My issue is valid users in smb.conf containing an AD group
I have tried this on systems running cent7u2 and ubuntu trusty. These systems are running
sssd. I can login with AD users and chown/chgrp file with AD groups. However, I can't
get AD groups to work with valid users in the smb.conf for restricting share access. If I
just set individual AD users, works just fine.

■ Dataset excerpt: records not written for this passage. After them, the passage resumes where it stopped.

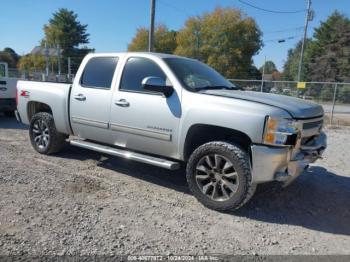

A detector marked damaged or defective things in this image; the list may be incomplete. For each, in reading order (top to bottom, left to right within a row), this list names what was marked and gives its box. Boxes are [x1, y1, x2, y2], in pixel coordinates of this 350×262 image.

damaged front bumper [250, 131, 326, 184]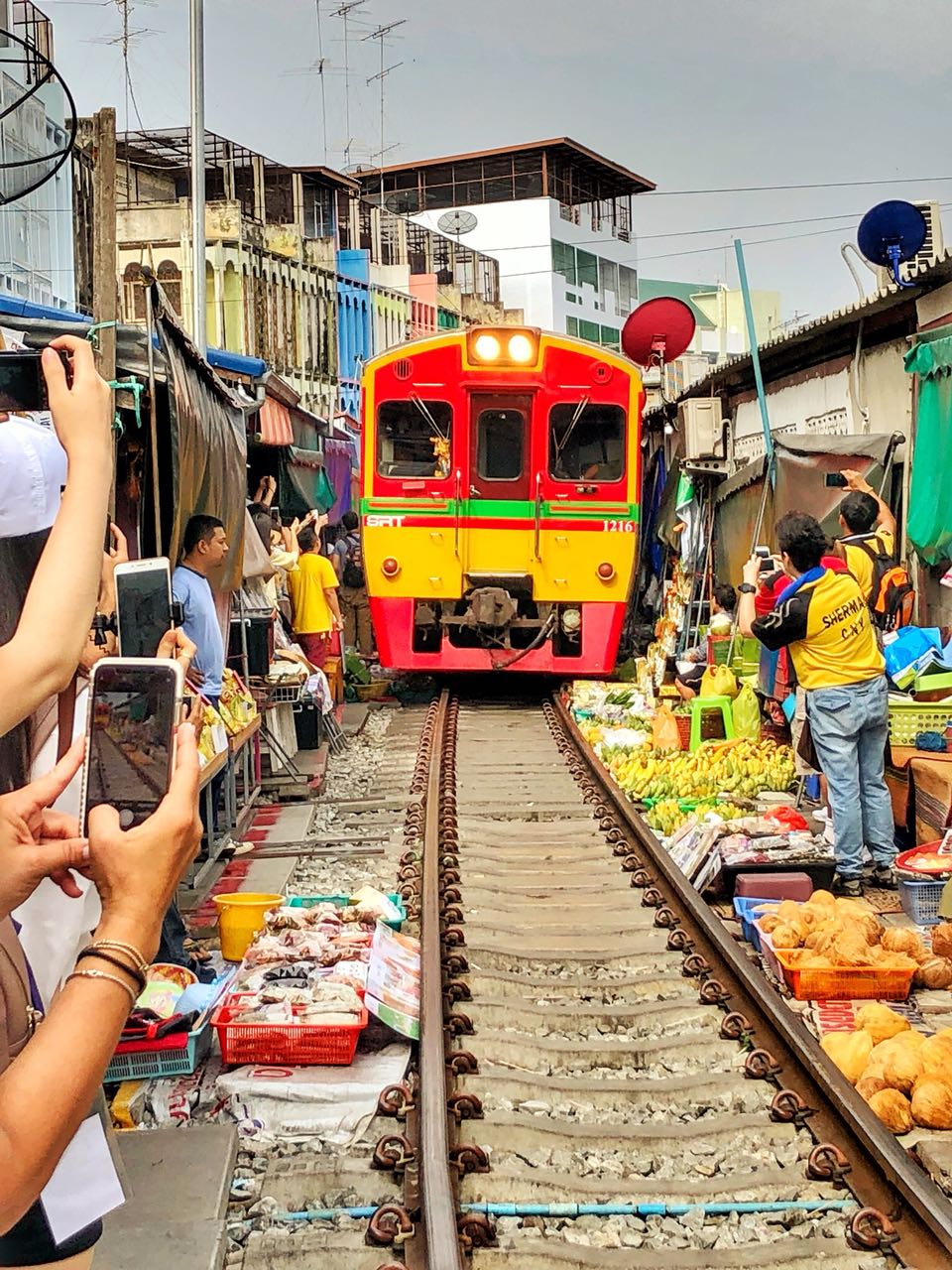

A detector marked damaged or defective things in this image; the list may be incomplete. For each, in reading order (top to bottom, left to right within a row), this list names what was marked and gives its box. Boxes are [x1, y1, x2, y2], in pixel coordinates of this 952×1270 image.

rusty metal [550, 696, 952, 1270]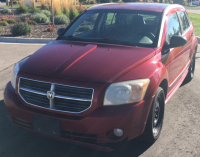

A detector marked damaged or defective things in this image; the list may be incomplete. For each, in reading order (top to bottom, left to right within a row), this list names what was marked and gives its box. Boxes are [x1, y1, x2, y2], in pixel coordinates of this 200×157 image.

cracked asphalt [0, 42, 199, 156]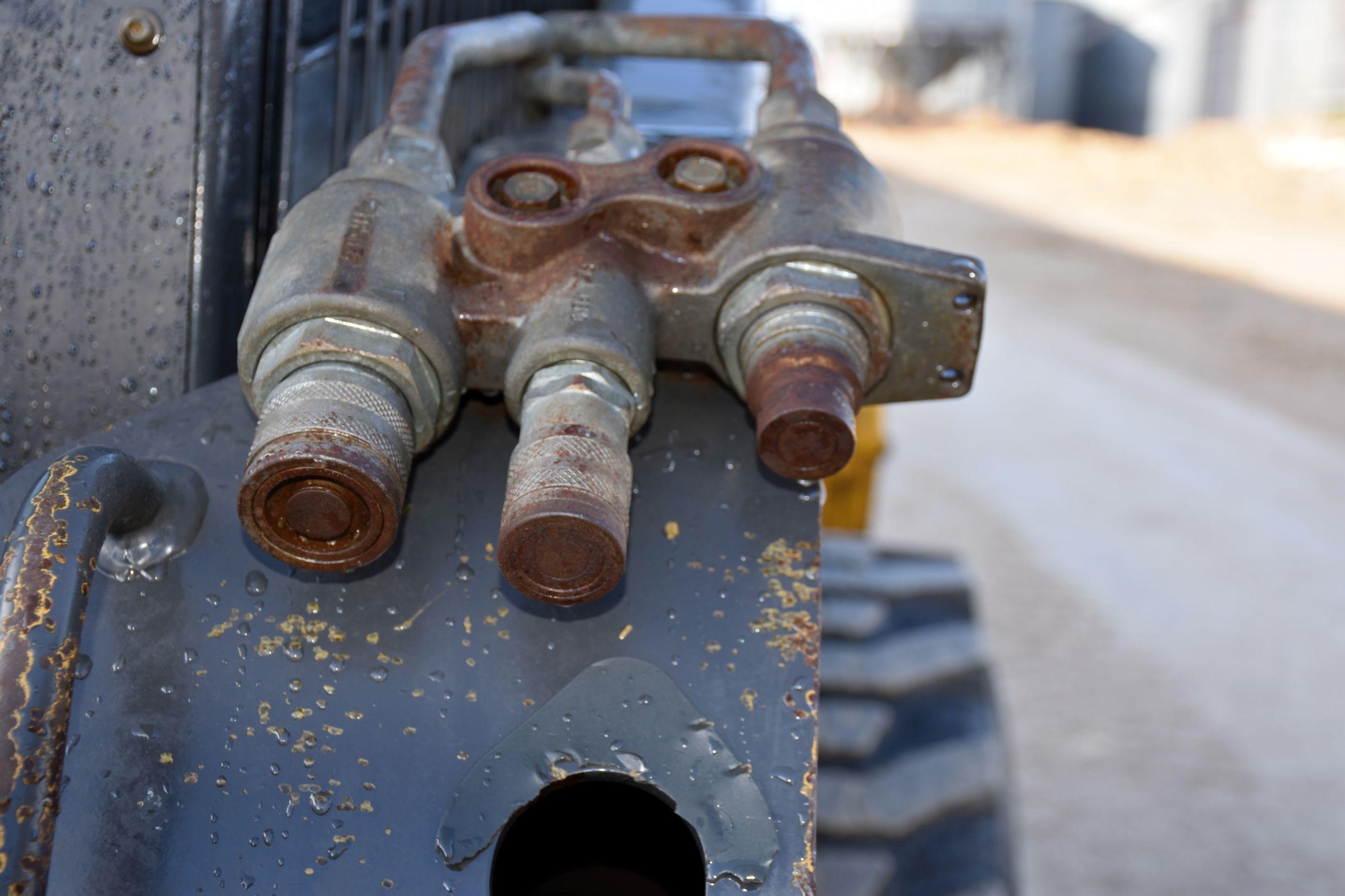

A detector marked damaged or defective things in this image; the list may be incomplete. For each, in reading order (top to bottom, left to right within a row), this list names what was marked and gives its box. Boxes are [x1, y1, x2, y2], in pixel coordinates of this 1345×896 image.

rusty quick coupler [234, 12, 990, 601]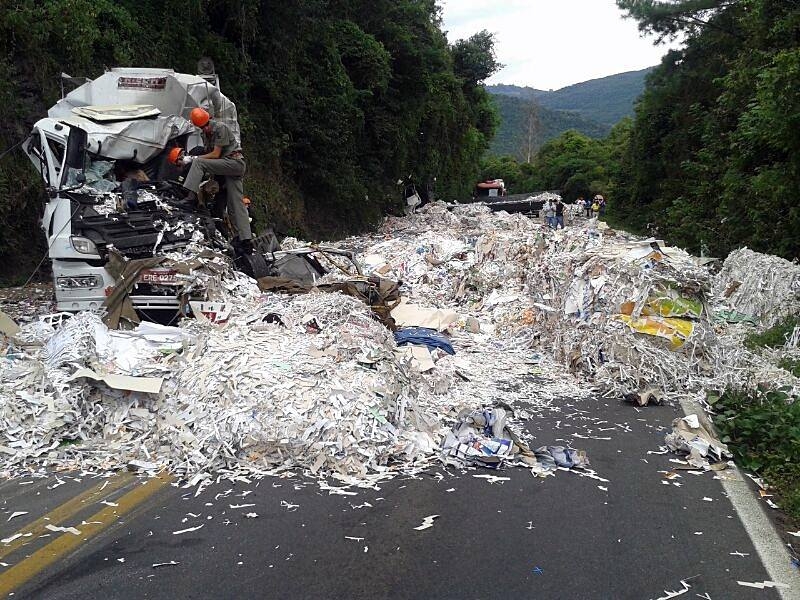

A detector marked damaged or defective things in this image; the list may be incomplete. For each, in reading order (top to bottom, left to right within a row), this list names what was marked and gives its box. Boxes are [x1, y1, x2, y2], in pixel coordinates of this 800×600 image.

damaged truck cab [25, 68, 244, 316]
overturned vehicle [21, 69, 360, 328]
crashed white truck [23, 66, 362, 324]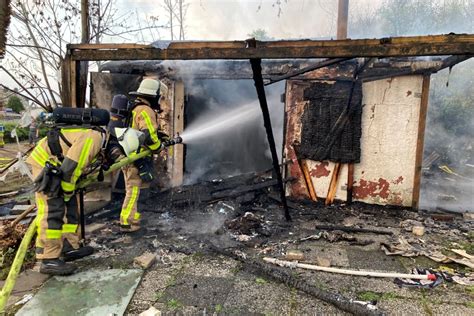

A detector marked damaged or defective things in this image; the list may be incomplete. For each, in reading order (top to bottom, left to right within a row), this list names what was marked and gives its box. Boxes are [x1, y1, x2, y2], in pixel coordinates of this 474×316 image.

charred wooden beam [68, 34, 474, 61]
burnt door opening [183, 79, 284, 184]
broken board [17, 270, 143, 316]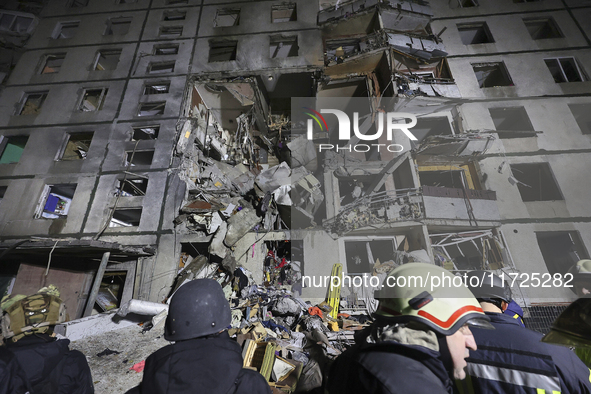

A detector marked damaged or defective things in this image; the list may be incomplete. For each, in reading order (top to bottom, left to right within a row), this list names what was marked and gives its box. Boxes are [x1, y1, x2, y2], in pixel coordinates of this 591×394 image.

shattered window [52, 21, 79, 39]
shattered window [104, 16, 131, 35]
shattered window [214, 8, 239, 27]
shattered window [274, 3, 298, 22]
shattered window [458, 22, 494, 44]
shattered window [524, 17, 560, 39]
shattered window [40, 53, 65, 74]
shattered window [93, 49, 122, 71]
shattered window [208, 40, 236, 62]
shattered window [272, 35, 300, 58]
shattered window [472, 62, 512, 87]
shattered window [544, 57, 588, 83]
shattered window [17, 92, 47, 115]
shattered window [78, 89, 108, 112]
shattered window [132, 125, 160, 141]
shattered window [490, 107, 536, 139]
shattered window [568, 103, 591, 135]
shattered window [0, 136, 28, 164]
shattered window [59, 132, 94, 160]
shattered window [124, 149, 154, 165]
shattered window [115, 177, 147, 195]
shattered window [512, 162, 560, 202]
shattered window [34, 184, 77, 219]
shattered window [109, 208, 142, 226]
shattered window [344, 240, 396, 274]
shattered window [536, 229, 588, 276]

Also locally everything works as expected. For example I can chown a folder to be owned by
an AD group with 2770. I can login into the host via passwd/kerberos ticket and chdir into
that directly without issue, below the user in question is part of MC-Services, apologies
not trying to be overly obvious.
drwxrwsr-x 3 appadmin MC-Services 4096 Dec 15 14:47 logs
Again singly listed AD users work with valid users. This kind of abstraction is nice so I
don't have to tweak FS perms to "match" shared out access. Right now with
the local FS perms above I can get into the share If I have the share setup as below
[logs]
comment = Server Logs
path = /logs
writable = no
valid users = jsmith
printable = no
So seems samba can handle the users, but not AD groups or can't get the
info/membership for the AD groups. If I change the owner of the dir to be completely owned
by appadmin, the testing user can no longer get into the share, make sense.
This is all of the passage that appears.